**WHAT IS REQUIRED:** The response must consist of the complete listing below, reproduced without alteration.

**EXERCISE INPUT:**

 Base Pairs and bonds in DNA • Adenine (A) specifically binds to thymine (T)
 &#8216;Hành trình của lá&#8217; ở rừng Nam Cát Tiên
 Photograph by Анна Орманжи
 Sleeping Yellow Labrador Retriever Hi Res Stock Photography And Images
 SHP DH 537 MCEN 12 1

**PROBLEM SOLUTION:**
 Base Pairs and bonds in DNA • Adenine (A) specifically binds to thymine (T)
 &#8216;Hành trình của lá&#8217; ở rừng Nam Cát Tiên
 Photograph by Анна Орманжи
 Sleeping Yellow Labrador Retriever Hi Res Stock Photography And Images
 SHP DH 537 MCEN 12 1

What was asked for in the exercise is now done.